AT, also called AT III, is the main inhibitor of thrombin and factor Xa, which plays a role in thrombin generation19. In our study, significantly lower ATIII activity in the initial and repeated IVIG-resistant patients was observed. This finding is consistent with previous reports20 and corresponds with the fact that inflammation leads to the activation of coagulation, and coagulation markedly affects inflammatory activity21. In the study by Xie et al., ATIII reduction was found to be closely related to the prognosis of patients with sepsis22. One possible explanation is that decreased ATIII activity increases fibrin formation and insufficient fibrinolysis, which could cause microvascular thrombus23. Therefore, based on the results of the present study, ATIII activity may be a risk factor for predicting IVIG resistance in patients with KD.

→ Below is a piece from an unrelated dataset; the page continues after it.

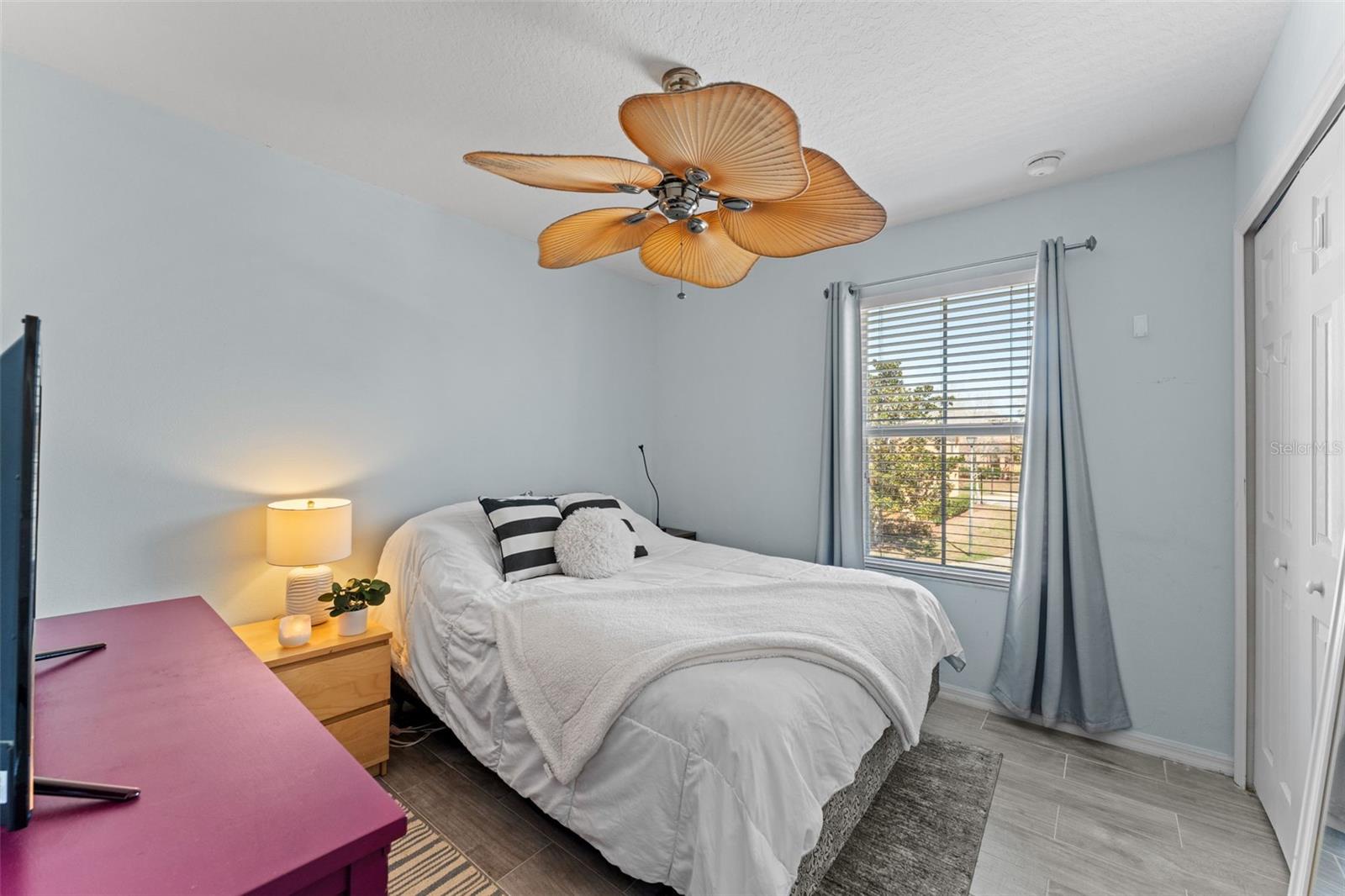 Image 11 of 28 For 2440 Retreat View Circle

D-dimer is the smallest FDP (molecular weight: 180 kDa) in the process of fibrinolysis, it is relatively stable and considered the final product of fibrinolysis24.25. Previous studies have found that D-dimer is associated with severe sepsis or septic shock8. In our study, patients with initial IVIG resistance had higher D-dimer levels. This result was in line with a study by Panigada et al., who found that sepsis patients were characterized by higher levels of D-dimer8. Similar results were also reported by Wang et al., who demonstrated that elevated D-dimer was a risk factor for severe outcomes in patients with bacterial infections26. The above findings may be explained by the imbalance between the coagulation system and inflammatory pathways in infected patients as fibrinolytic activators and inhibitors modulate the inflammatory response by their effects on inflammatory cell recruitment and migration27, 28. In a study by Shorr et al., higher proinflammatory cytokine levels were found in those with higher D-dimer levels, indicating a potential relationship between the coagulation system and inflammation29. Therefore, in the acute stage of KD, increased D-dimer levels may be used as a predictor for initial IVIG treatment failure.

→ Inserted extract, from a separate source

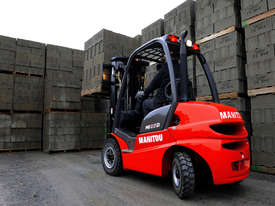IN STOCK - NEW MANITOU 2.5T DIESEL FORKLIFT - picture0' - Click to enlarge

The strengths of this study were its prospective design and relatively large sample size. However, the present study has several limitations. First, this study was performed at a single institution. Our hospital is the largest pediatric medical center in Southwest China, which may lead to a selection bias due to a higher number of severely ill patients being admitted to this facility. Second, the present study was a prospective cohort study with strict inclusion and exclusion criteria. The findings of this study are, therefore, applicable only to Chinese patients with KD receiving standardized IVIG treatment (2 g/kg) within 10 days of fever onset.

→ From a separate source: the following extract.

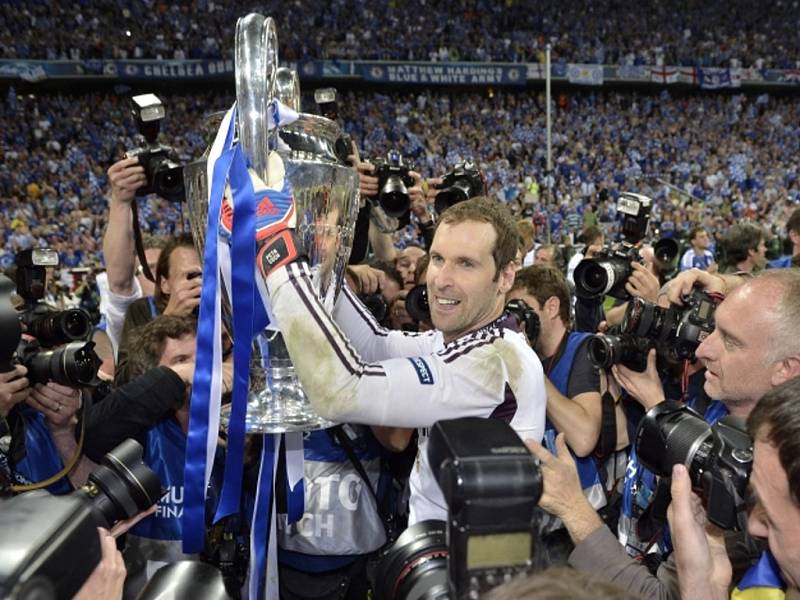 Brankář Chelsea Petr Čech s pohárem pro vítěze Ligy mistrů.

Despite these limitations, this prospective study is the first to report pronounced changes in PT, APTT, D-dimer levels, and ATIII activity in the acute stage of KD, which may serve as complementary laboratory biomarkers for predicting IVIG resistance. In addition, the predictive validity of ATIII activity as a single biomarker for IVIG resistance may be superior to other coagulation biomarkers with a relatively high sensitivity.